AHMF - Autonomous habitat mapping in fjords

Access/Technology provider: Norwegian University of Science and Technology – NTNU, NTNU-SF30K and NTNU-SMALL_AUV installations

End User: University of Southampton, UK

Dates: April 2021 – November 2021

Goal: This project focuses on an adaptive habitat mapping in a fjord using heterogenous robotic platforms.

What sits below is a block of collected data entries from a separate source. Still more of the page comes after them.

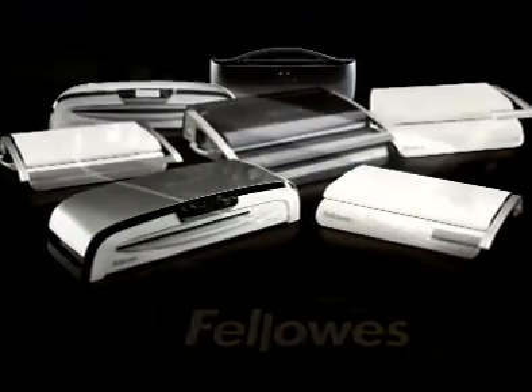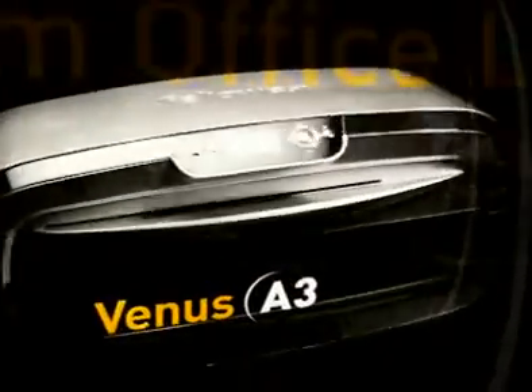So we've developed a whole new family of binding and laminating machines. Our new range satisfies everything our users asked for.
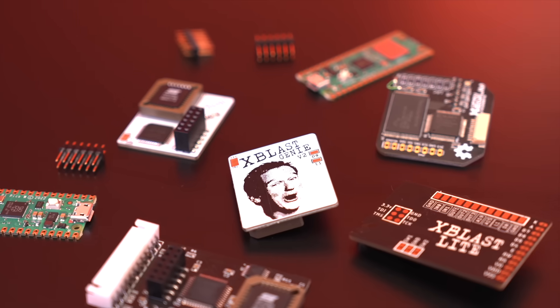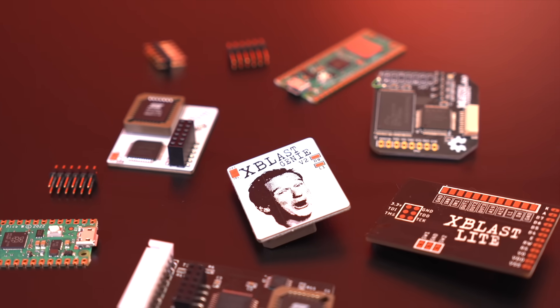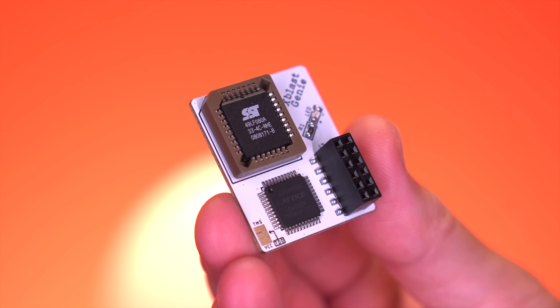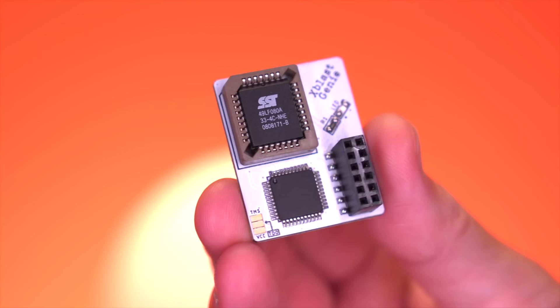It functions like most modchips that came before it, except for one minor detail: it's open-source and community-driven, meaning this may be the last modchip we'll ever need. Modchips for the Xbox to date have been closed-source and used proprietary software. Many of these older modchips now utilize obsolete hardware which are reaching end of life or are no longer supported — which is what tends to happen with closed-source projects over time.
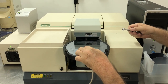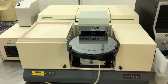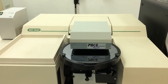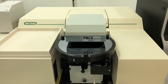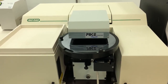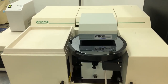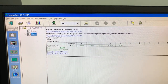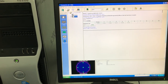We're going to be taking five data points. Watch the stage operate through the measurement. First point is the center. I'm showing you what it looks like. Here's the data — there's a map showing the test points.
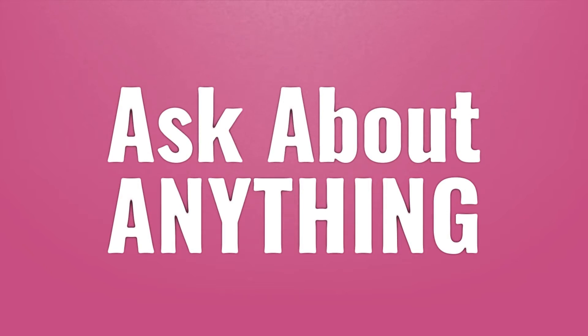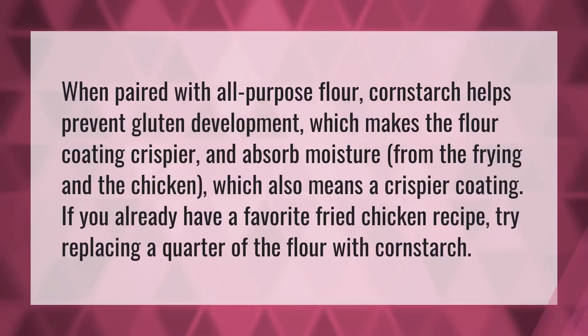When paired with all-purpose flour, cornstarch helps prevent gluten development, which makes the flour coating crispier and helps absorb moisture from the frying and the chicken, which also means a crispier coating.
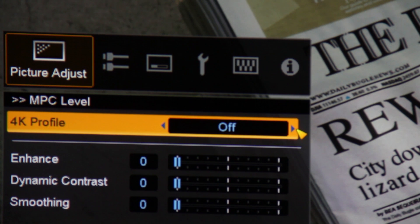Greetings, everyone. I'm Art Fireman, editor of Projector Reviews TV, and today we're taking a look at one of JVC's features. We'll call it Detail Enhancement.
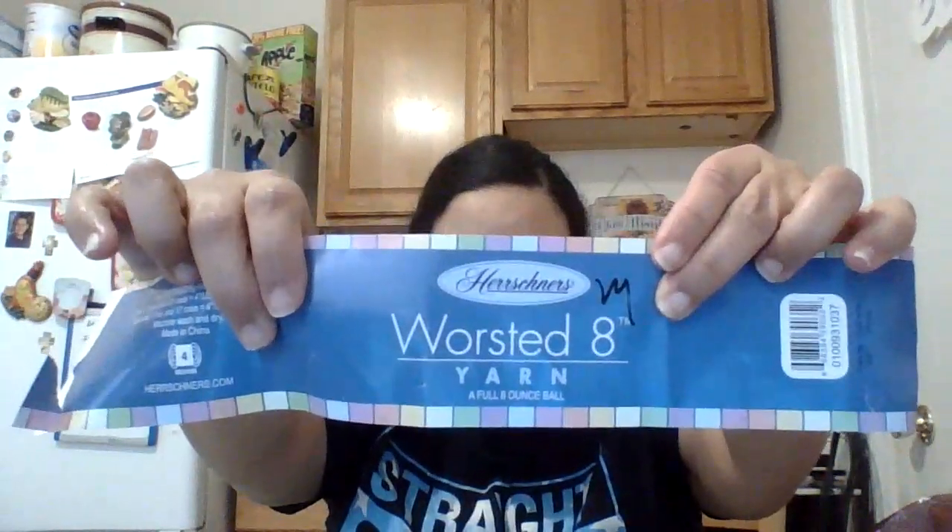For those who are new to my channel, I have a yarn haul video — I'll put a card up. I bought this yarn at Hershener's website and they had a 50% off sale, so go ahead and check out that video. For this blanket I used the WE're Still 8 yarn — it's a size 4 medium weight and it's 100% acrylic.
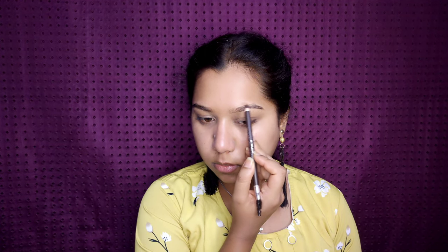For eyebrows, I'm using the Misclared eyebrow pencil in dark brown. This pencil has a spoolie, so it is great for everyday use. First I'm drawing small strokes and then spreading the color with the help of the spoolie.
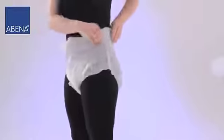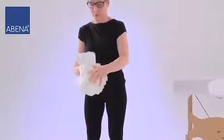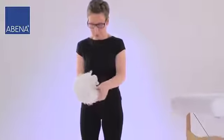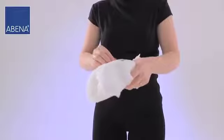When the product needs to be changed, side seams can be torn off. The product can be easily removed as it opens on both sides. Then pass the pants between the legs from the front to the back. The pants can be rolled up and thrown away.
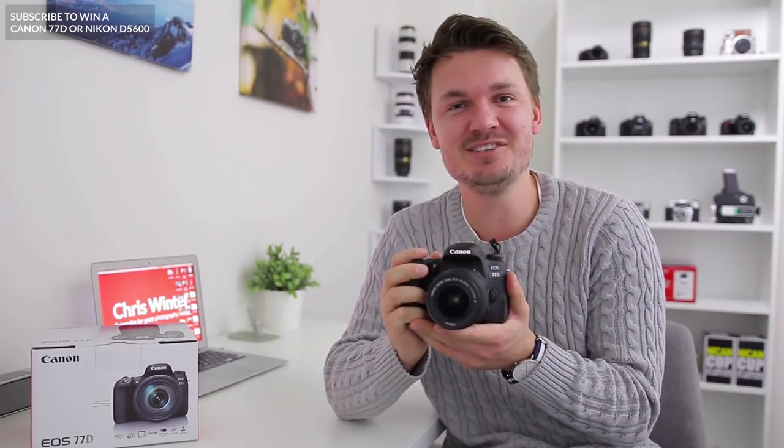Hey there, my name is Chris Winter and welcome to part 1 of my Canon 77D tutorial. In this video I'm going to go through a few things to get you up and running so you can use your Canon 77D.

These TNAs envisioned use of NTNU LAUV and ROV to collect structured surveys at scales matched to their capabilities, while a group of novel bottom imaging floats would complement the observations with drifting transects. The data gathered will be useful to characterize the distribution of cold-water corals in the area and will help establish reference sites for future monitoring.
This project marked the first field trials of the University of Southampton Ocean Perception Laboratory’s Driftcam. Although Driftcam did not complete a full mission successfully during this TNA, the experiences lead to refinements of the Driftcam hardware and software. These improvements have led to successful deployment as parts of other projects. Several transects were performed with SF30K ROV at Tautra site known for abundance of corals and strong currents. During the access ROV collected stereo camera imagery used in postprocessing to map cold-water corals habitats. Missions were performed at low altitudes in order to provide better quality of stereo images while periodically very strong current in the area made the operation very challenging. Tautra ridge is an area with a very steep terrain, pinnacles and strong currents that proved to be very challenging for the AUV mission that follows the seabed at low altitudes. Performing the missions during the low current period, large-scale visual imagery and sidescan data from the fixed altitude of 3-5 meters depending on visibility and terrain for deep coral habitat mapping were collected.